Was sagt man da draußen über München?
Joachim Baldauf: ‚Die Liste ist lang: oberflächlich, sehr verschlossen, erzkatholisch, alle mit viel Geld. Viele haben ein Bild von der Stadt und ihren Bewohnern, welches mit der Realität überhaupt nicht übereinstimmt.‘
Du hast 17 Münchner für NX SCENE MÜNCHEN fotografiert, welche alle etwas Spezielles von München verkörpern – wie hast Du diese gefunden?
Joachim Baldauf: ‚Ich hatte natürlich ein Team, welches mir geholfen hat. Auch mein Bruder, welcher in München lebt, hat mich unterstützt. Aber ich kannte auch noch einige von früher. Zum Beispiel Filmemacherin Marie Höflich. Ich habe sie zusammen mit ihrer Tochter fotografiert, welche ihr nicht nur sehr ähnlich sieht. Ich habe sie in der Olympiastadt fotografiert. Im Hintergrund sieht man die immer noch sehr modern wirkende Architektur der Trabantenstadt. Für mich ist München die modernste Stadt Europas und keine alte Stadt, wie viele glauben.‘
Man findet auf Deinen Bildern keine typischen München-Promis – Absicht oder Zufall?

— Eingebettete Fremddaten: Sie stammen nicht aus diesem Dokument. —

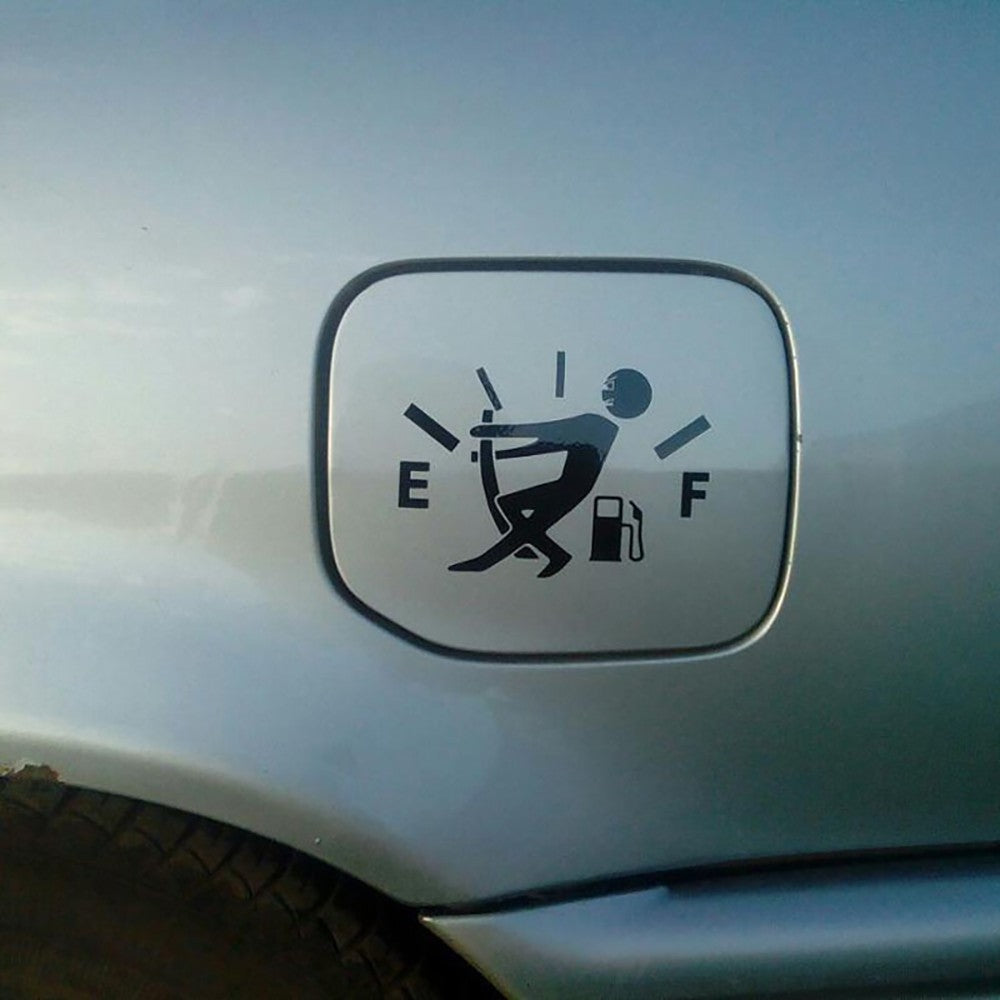 Adesivos Engraçados para Carro, Adesivo de Vinil Refletivo com Ponteiro de Tanque de Combustível, Adesivo de Gasolina Alta, Adesivos de Indicador de Combustível Vazio, Decalque Exterior Automotivo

Joachim Baldauf: ‚Absicht! Ich sage das jetzt ganz offen, aber Prominente reden Dir in die Bilder rein oder es passt irgendetwas anderes nicht und dann musst Du als Fotograf Kompromisse machen. NX SCENE MÜNCHEN sind Momentaufnahmen, welche durch ihre Authentizität und den München-Geschichten hinter den Gesichtern leben. Ich habe zum Beispiel einen Schüler in einem FC Bayern-Trikot aus dem Jahre 1969 fotografiert. Dazu trägt er eine aus München handgestrickte Mütze. Cooler laufen die Teenager in N.Y. oder Barcelona auch nicht rum.‘
Woher kommt der Titel ‚NX SCENE MÜNCHEN‘?

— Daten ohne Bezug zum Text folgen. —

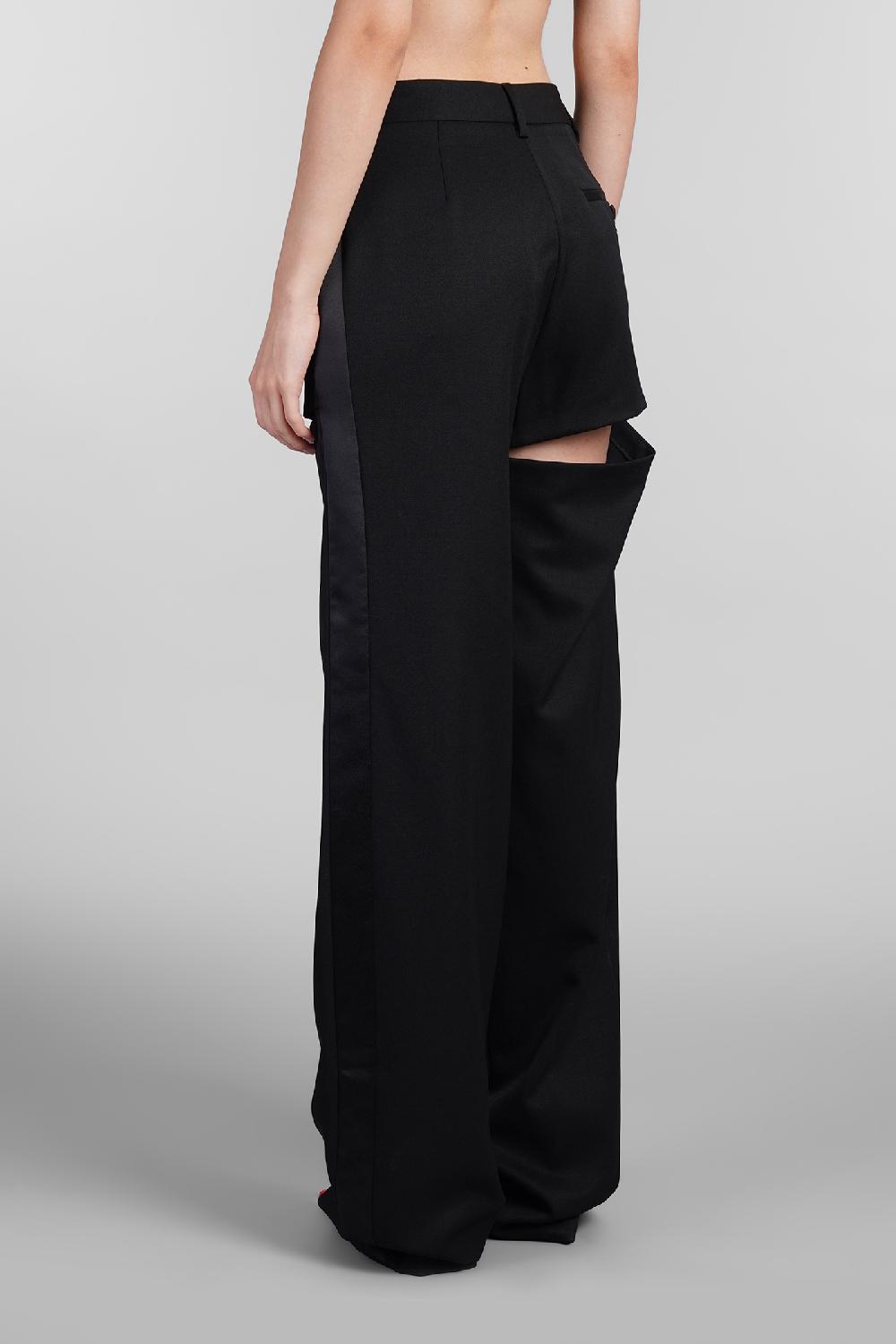 Deliberti Area Pantalone In Lana Nera Cod. 406962 - Deliberti The Luxury Shopping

Joachim Baldauf: ‚Die Kamera, welche ich benutzt habe, ist die Systemkamera Samsung NX1. Ich weiß, ‚alte‘ Foto-Hasen hören dies jetzt nicht gerne, aber die Kamera macht tolle Bilder und bietet dazu ein fantastisches Preis/Leistungs-Verhältnis, denn sie kostet um die 1.600 € und damit ein Bruchteil von Profikameras. Als Fotograf habe ich natürlich ein ganzes Arsenal an Kamera’s, aber an einem Projekt arbeite ich immer mit ein und derselben Kamera. Das Novum bei der Samsung NX1: Ich habe durch das digitale Display wie eine Art Echtzeitfilm einen anderen Blick gehabt. Deshalb der Name THE NX SCENE MÜNCHEN. Das Ergebnis kann man sich bis 4. April 2014 in der Hegemann-Ausstellung anschauen und auch kaufen kann.‘
Gab es jemanden, welchen Du unbedingt für die Ausstellung fotografieren wolltest, aber nicht bekommen hast?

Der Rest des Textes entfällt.